**YOUR GOAL**
Would you copy exactly the lines in the data below from the one that has "Кляйнфельтера" through the one that has "This Labral Tear", dropping any pictures?

**INFORMATION GIVEN**
■ ■ ■ ■ ■

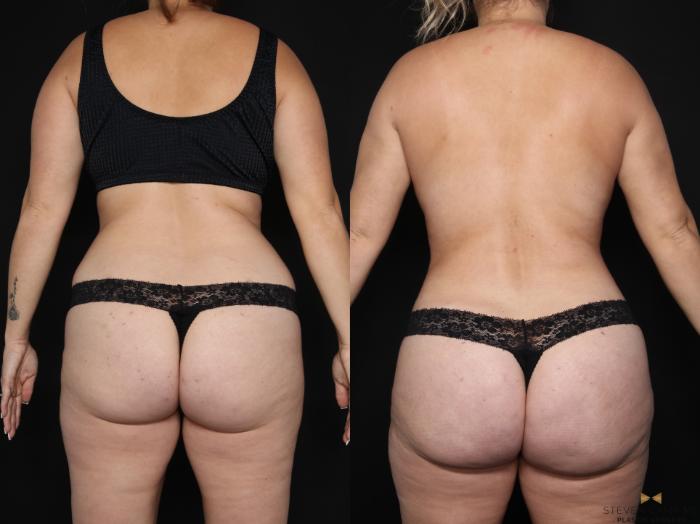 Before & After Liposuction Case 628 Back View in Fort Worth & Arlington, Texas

■ ■ ■ ■ ■

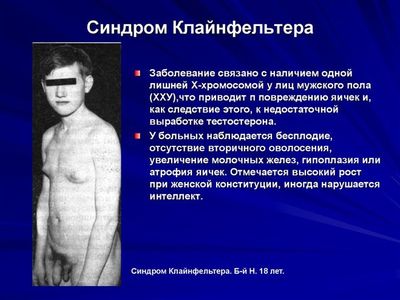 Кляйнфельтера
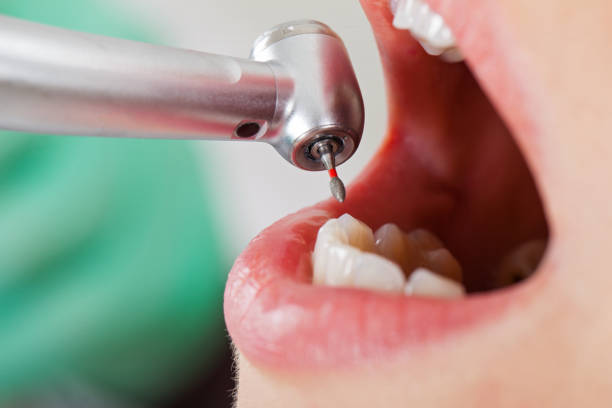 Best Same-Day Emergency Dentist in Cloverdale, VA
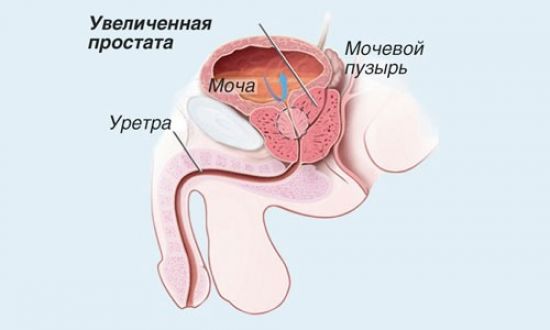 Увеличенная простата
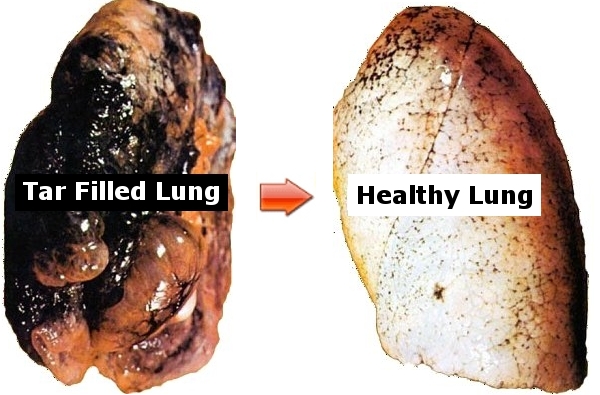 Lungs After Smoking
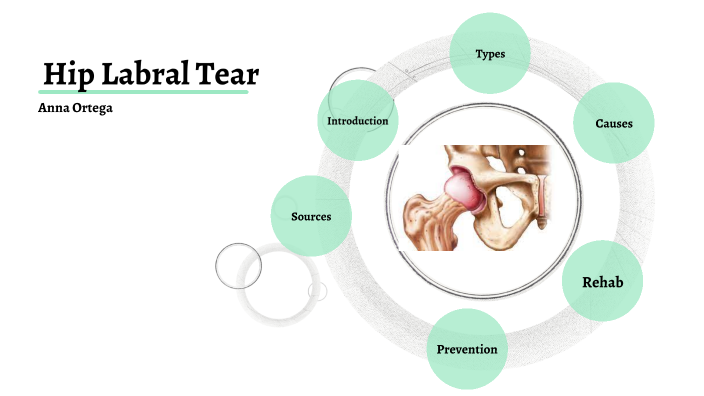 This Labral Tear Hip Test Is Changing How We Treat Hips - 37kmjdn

■ ■ ■ ■ ■

**TASK RESULT**
 Кляйнфельтера
 Best Same-Day Emergency Dentist in Cloverdale, VA
 Увеличенная простата
 Lungs After Smoking
 This Labral Tear Hip Test Is Changing How We Treat Hips - 37kmjdn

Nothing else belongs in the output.